A growing number of people are choosing to both live and work in York Region, which is on track to meet 2031 population and employment forecasts. At the same time, it continues to take steps to protect its natural environment.
According to the 2018 Regional Official Plan Monitoring Report, the live/work ratio increased more than two per cent between 2011 and 2016 and is expected to rise further. That’s important because it indicates the jobs in the Region continue to provide a better match to the skills of its residents, the report explains.
“I expect the live/work ratio to increase in York Region as companies are looking for more than just office space,” City of Markham Regional Councillor Joe Li, Chair of the Region’s Planning and Economic Development, says in a statement. “They continue to seek out strategic office locations supported by infrastructure, transit and close to desired amenities – places where their employees can thrive.”
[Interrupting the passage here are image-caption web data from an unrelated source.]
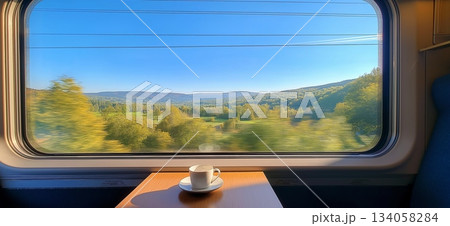 Enjoying a coffee while traveling through scenic autumn countryside seen from a train window. Train journey, European autumn landscape rolling, coffee cup Enjoying a coffee while traveling through scenic autumn countryside seen from a train window. Train journey, European autumn landscape rolling, coffee cup 134058284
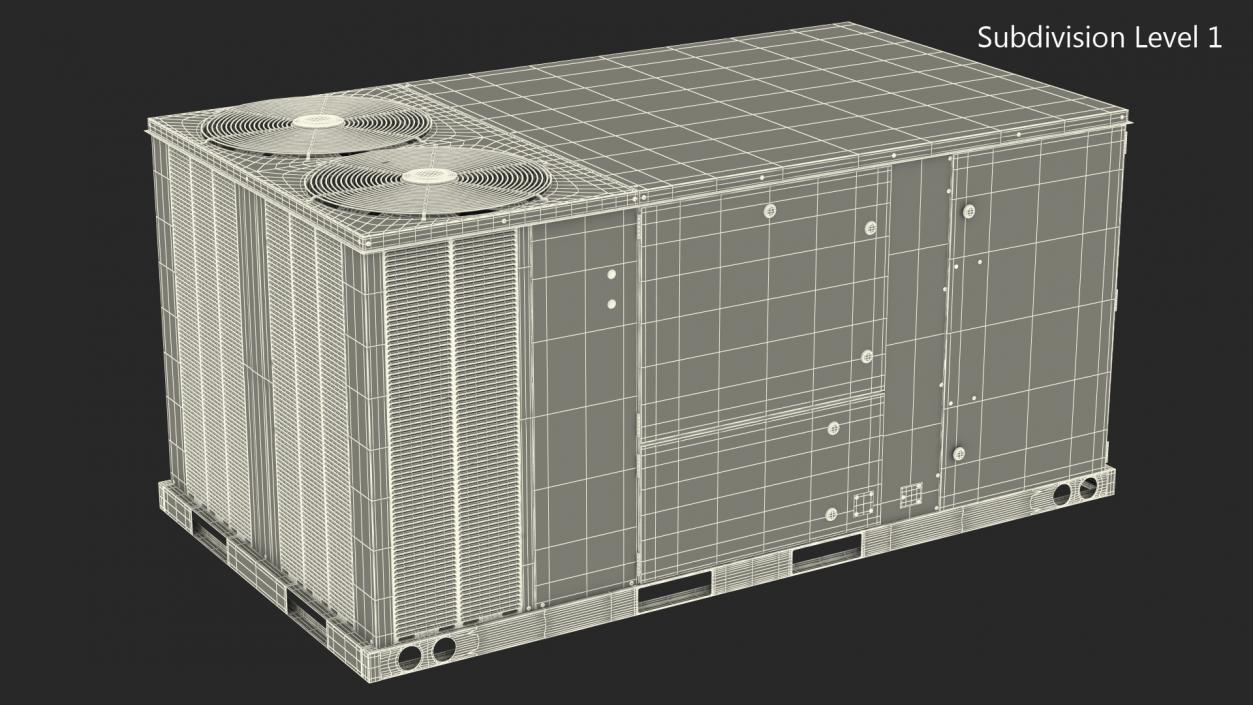 3D model 2 Vents Rooftop Air Conditioning System Ruste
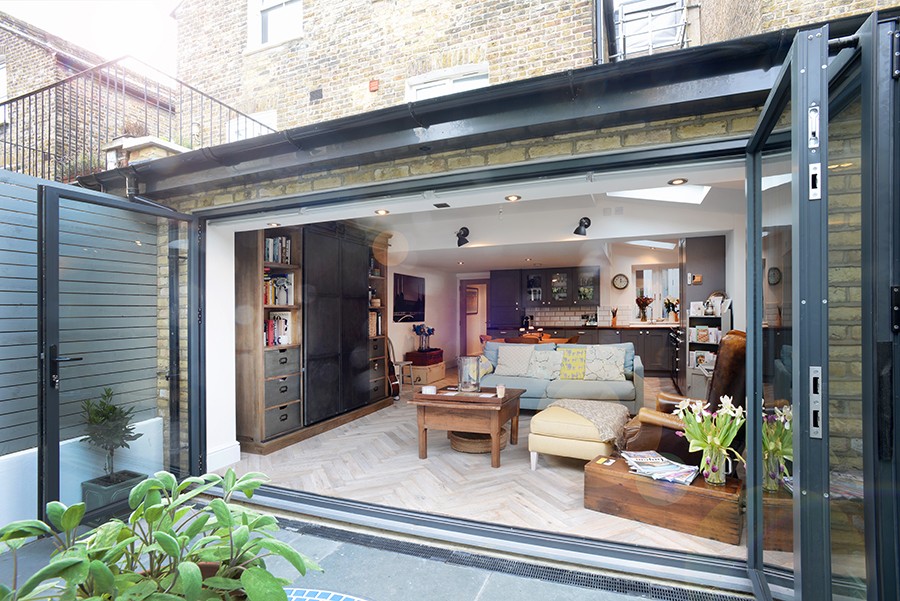 Rear extension with open bifold doors into an open-plan living room, Lyham Road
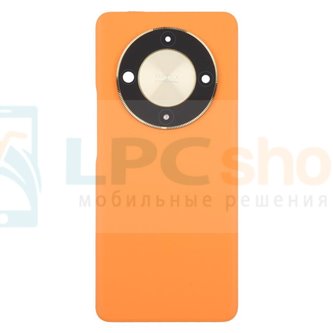 Крышка(задняя) Huawei Honor X9b Оранжевая со стеклом камеры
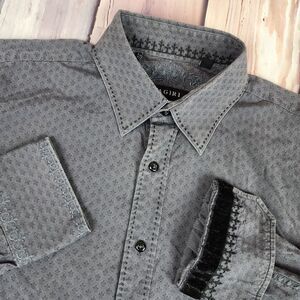 Zagiri XL Men's Long Sleeve Button Up Gray 100% Cotton Velvet Embroder Flip Cuff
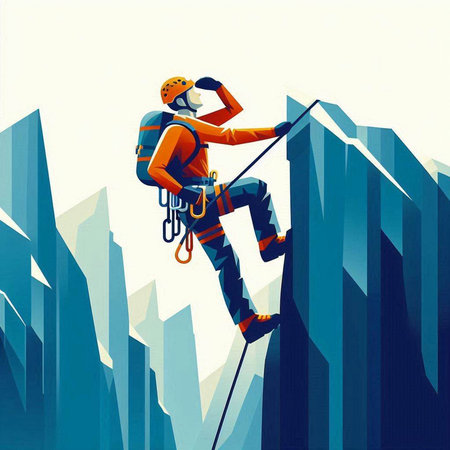 illustration of rock climber on the background of the mountains.のイラスト素材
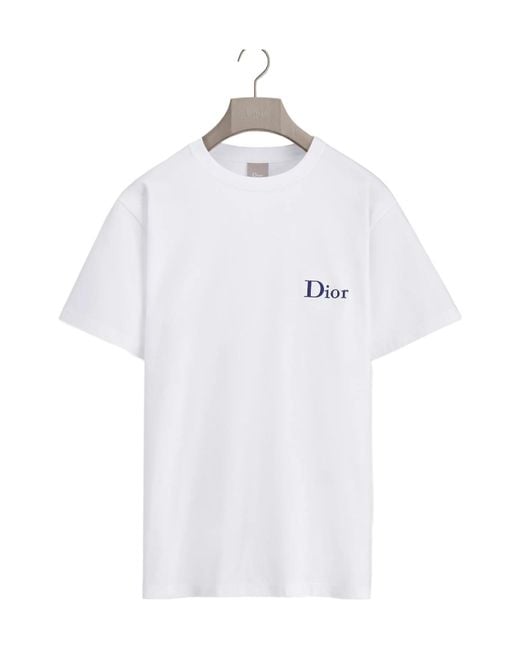 Dior White T-Shirt With Embroidery, Relaxed Fit for men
A strong live/work ratio has a number of positive advantages on transportation and the economy. Providing quality jobs in the Region strengthens the economy and makes the Region more attractive to existing and potential businesses and investors. Shorter commute times and less traffic congestion on roads will improve the quality of life increasing the ability to attract and retain the right workforce.
Other report highlights:
• More than 600 hectares of land have been protected since 2009, further strengthening the Region’s Greenlands System
• The Region is achieving diversity of housing mix and shifting towards higher density forms of housing, with medium and high-density housing forms up 21 per cent since 2012
• There is more than one job for every two residents
• Annual gross farm receipts increased 28 per cent from 2001 to 2016
• Overall transit use is up in York Region, with less residents relying on the car
“Significant progress continues to be made towards achieving our long-range planning targets, maintaining a sustainable natural environment, creating healthy communities and encouraging economic vitality,” said York Region Chairman and CEO Wayne Emmerson. “I’m pleased with the progress made towards building the kind of communities we want future generations to inherit.”
With 17 of 22 indicators trending in the right direction, the Region says the monitoring report shows it is well on its way to meeting the objectives set out in its Official Plan (York.ca/regionalofficialplan). Two indicators have not trended in the right direction: loss of agricultural land (a result of lands converted for urban uses through amendments) and employment lands converted (a result of the conversion several sites to non-employment uses, including residential and major retail).
The York Region Official Plan is part of the Region’s Vision for the future. In addition to guiding York Region’s Strategic Plan it outlines growth management policies on city building, complete communities, agriculture and rural areas as well as on infrastructure and service provisions.